Dopo tanto tempo, è pur lecito fare un bilancio.
Se mi chiedessero dove lavoro veramente, direi "in un circo", di quelli vittoriani, però, con tutta la sua fauna di poveri commedianti: l’acrobata in mutandoni a righe e i baffi a manubrio, i pagliacci sui trampoli, la ballerina culona in equilibrio sul cavallo da tiro, il domatore di pulci, la donna cannone…

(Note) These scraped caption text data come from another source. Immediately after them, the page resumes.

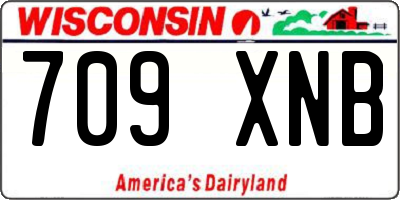 WI license plate 709XNB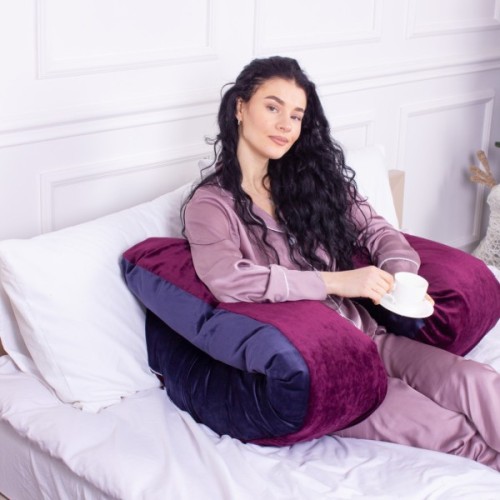 Подушка MirSon для вагітних і відпочинку Velvet Line №8023 U-подібна Primula (2200006178552)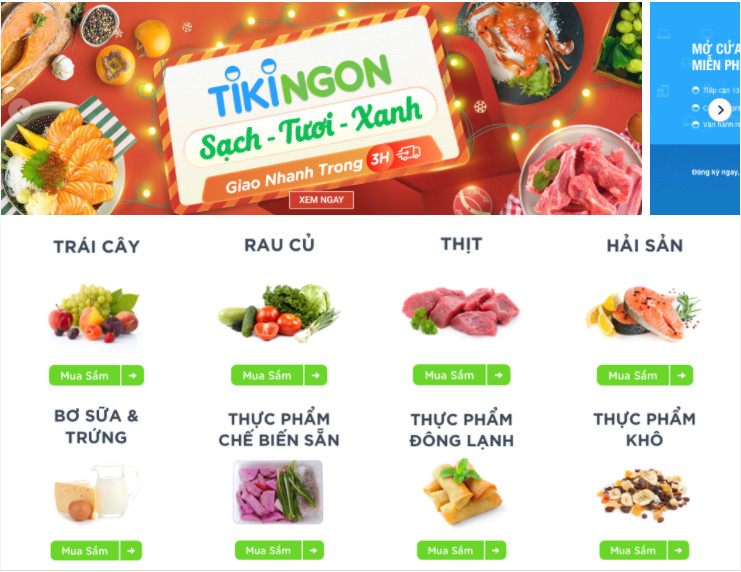 Tiki đã lên các chương trình, sẵn sàng phục vụ xuyên Tết.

Vestire una livrea di acrilico e recitare la solita parte non era proprio quel che mi aspettavo da studentessa universitaria di belle speranze (e illusioni), ma faccio buon viso a cattivo gioco, come tanti miei colleghi angli, sfoderando sorrisi e permettendomi di ritagliare tempo per seguire altri interessi e occupazioni, tra cui scrivere. Insomma, ho una "portfolio career" – come la chiamano gli angli – di cui vado anche fiera. Nel cul-de-sac dorato in cui sembro essermi arenata, non c’è una pista con gli elefanti in fila né i trapezisti che volteggiano in aria, ma la certezza fantozziana, sebbene minata dallo spauracchio della recessione, che falcia posti qua e là, del lavoro fisso da statale, con i suoi bassi servigi, abitudini e privilegi. Il pubblico, pagante e non, sciamando ovunque si mescola agli attori e ai figuranti, come in una grande fiera di paese.